# Brief:
Transcribe the listing below verbatim, omitting pictures.
= Beginning of Section =
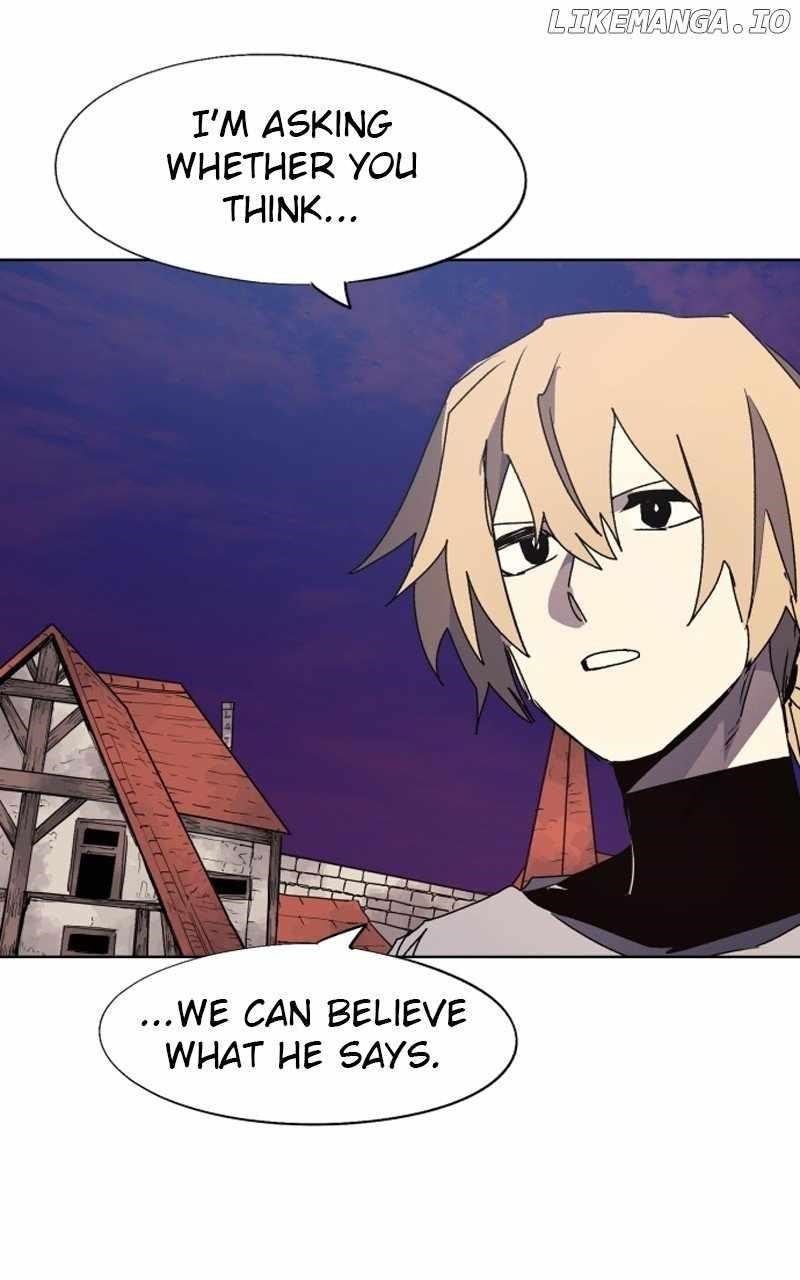 The Knight of Embers — Chapter 155 — page 37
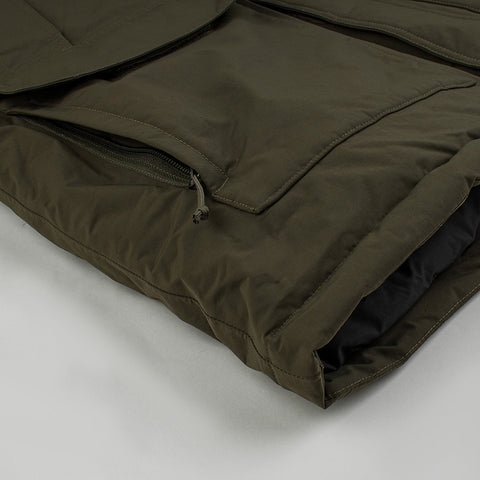 Custom High Quality Winter Autumn Fashion Men Office Warm Waterproof Cotton Homme Padded Puffer Hooded Down Jacket Wear For Men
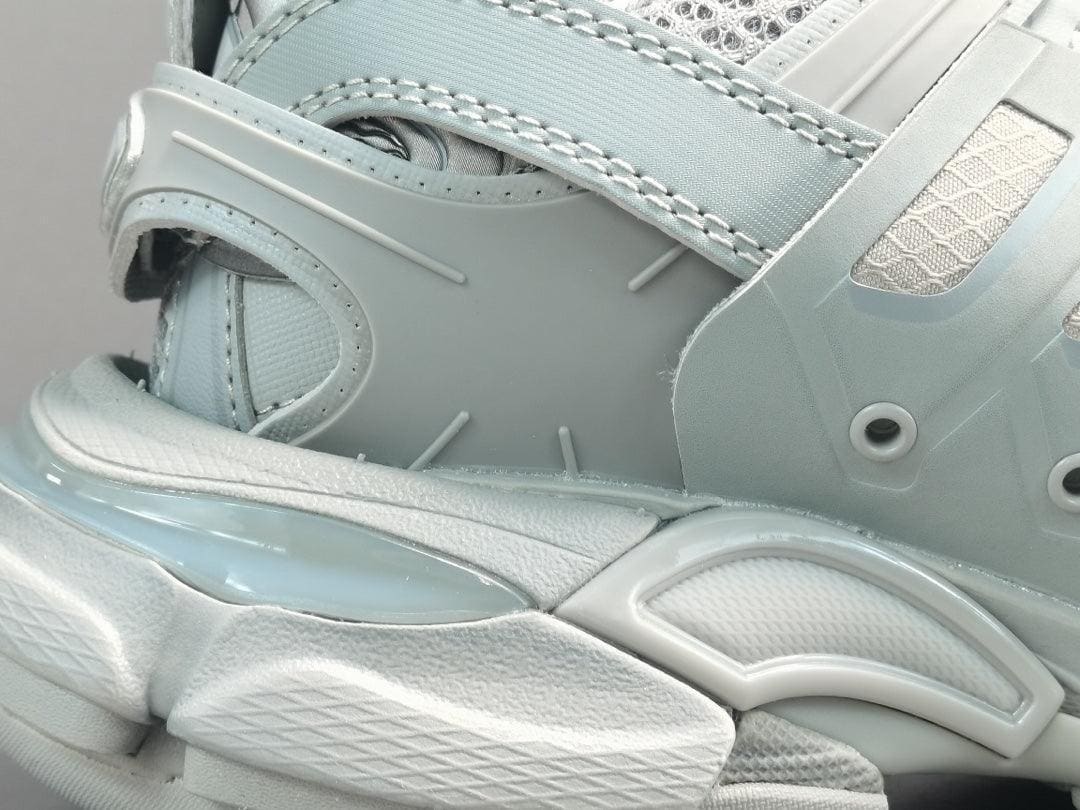 BALENCIAGA TRACK SNEAKERS | Banlieue91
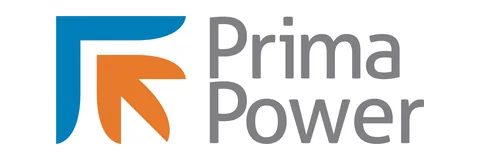 PRIMA INDUSTRIE S.p.A. logo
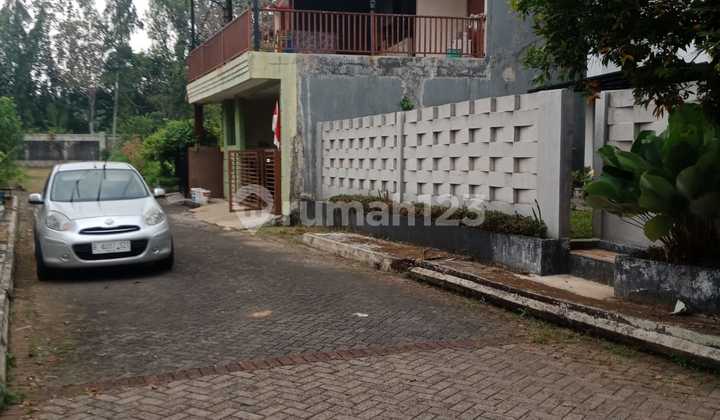 Rumah di Jual Murah Melalui Lelang As Is 2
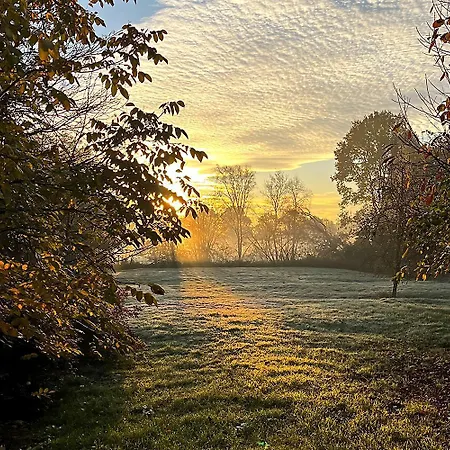 Lejlighed Dien Uttied Grasberg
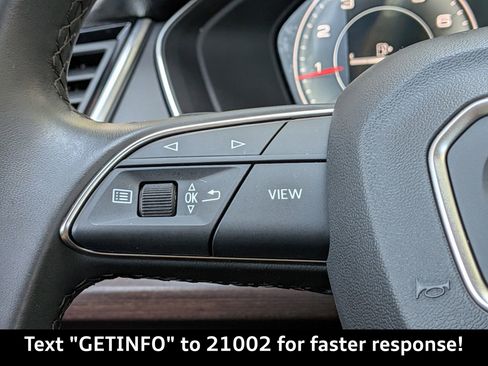 Certified 2023 Audi Q5 2.0T Premium Plus w/ Premium Plus Package image 31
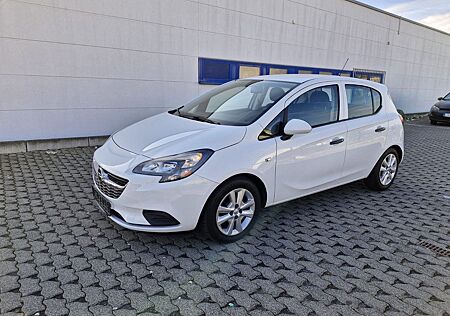 Opel Corsa E Selection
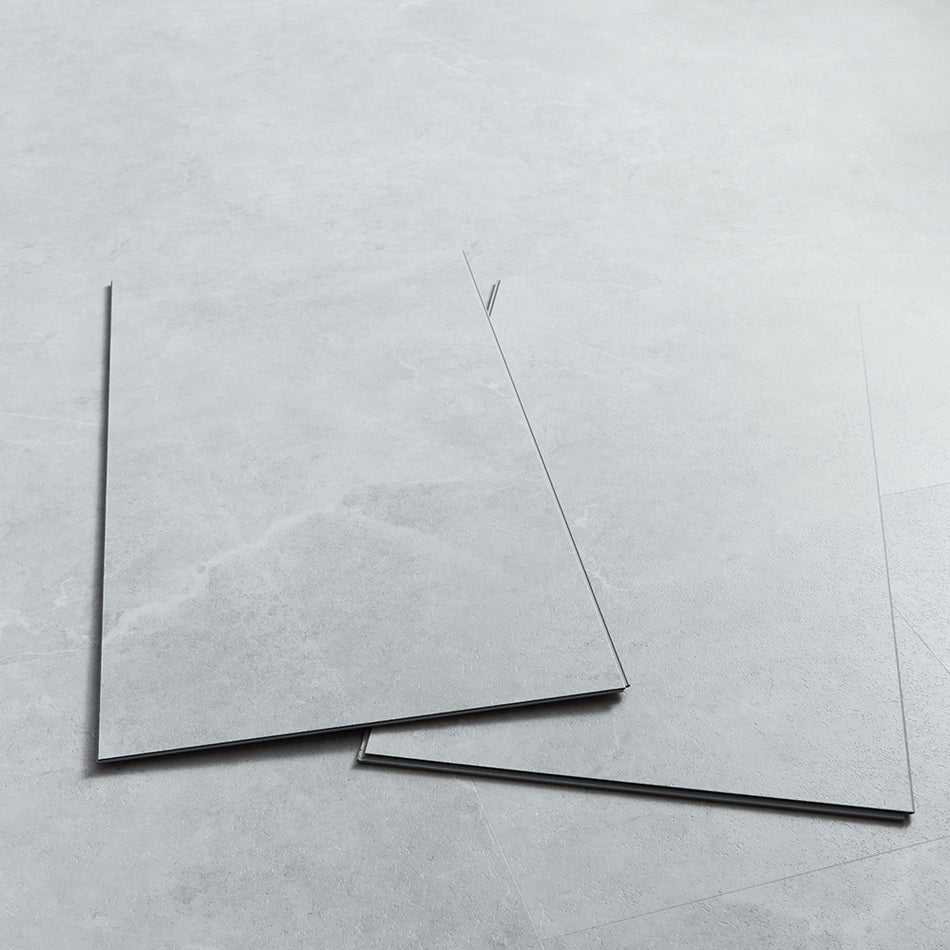 Longlands 5.2mm SPC Tile - Crystal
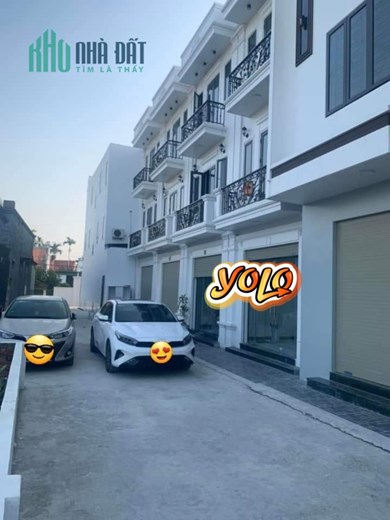 Chính chủ cần bán căn nhà 3 tầng tại Thôn Thượng - Xã An Hưng - An Dương - Hải Phòng.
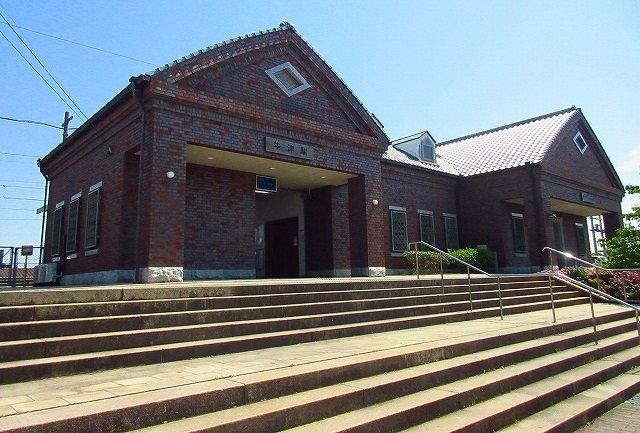 その他　牛津駅（その他）まで1100m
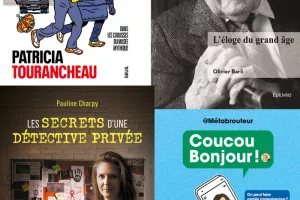 Festival du Livre : Essais
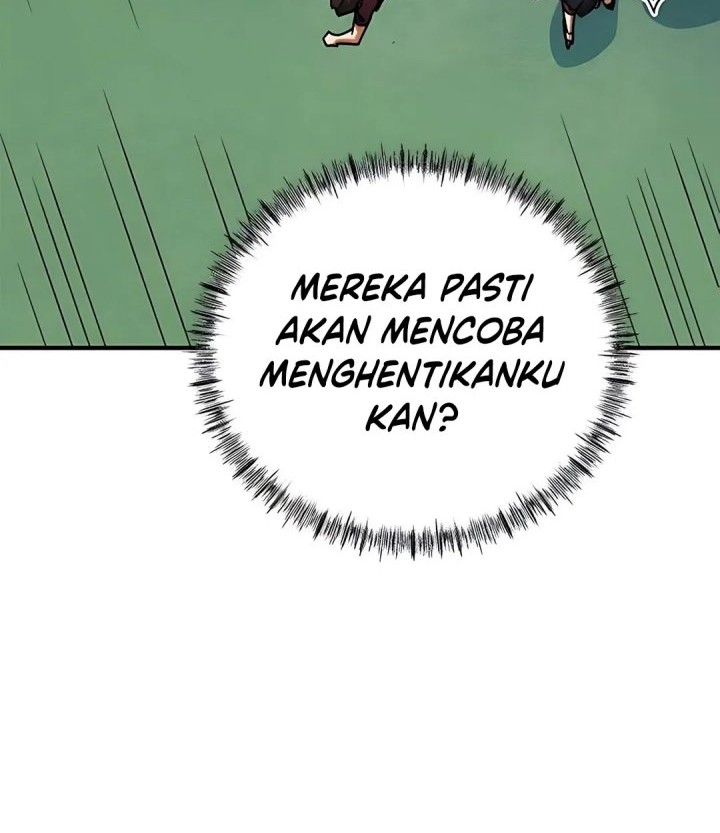 I’m Being Misunderstood as a Soccer Genius Chapter 37 Gambar 90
= End of Section =
# Exercise solution:
 The Knight of Embers — Chapter 155 — page 37
 Custom High Quality Winter Autumn Fashion Men Office Warm Waterproof Cotton Homme Padded Puffer Hooded Down Jacket Wear For Men
 BALENCIAGA TRACK SNEAKERS | Banlieue91
 PRIMA INDUSTRIE S.p.A. logo
 Rumah di Jual Murah Melalui Lelang As Is 2
 Lejlighed Dien Uttied Grasberg
 Certified 2023 Audi Q5 2.0T Premium Plus w/ Premium Plus Package image 31
 Opel Corsa E Selection
 Longlands 5.2mm SPC Tile - Crystal
 Chính chủ cần bán căn nhà 3 tầng tại Thôn Thượng - Xã An Hưng - An Dương - Hải Phòng.
 その他　牛津駅（その他）まで1100m
 Festival du Livre : Essais
 I’m Being Misunderstood as a Soccer Genius Chapter 37 Gambar 90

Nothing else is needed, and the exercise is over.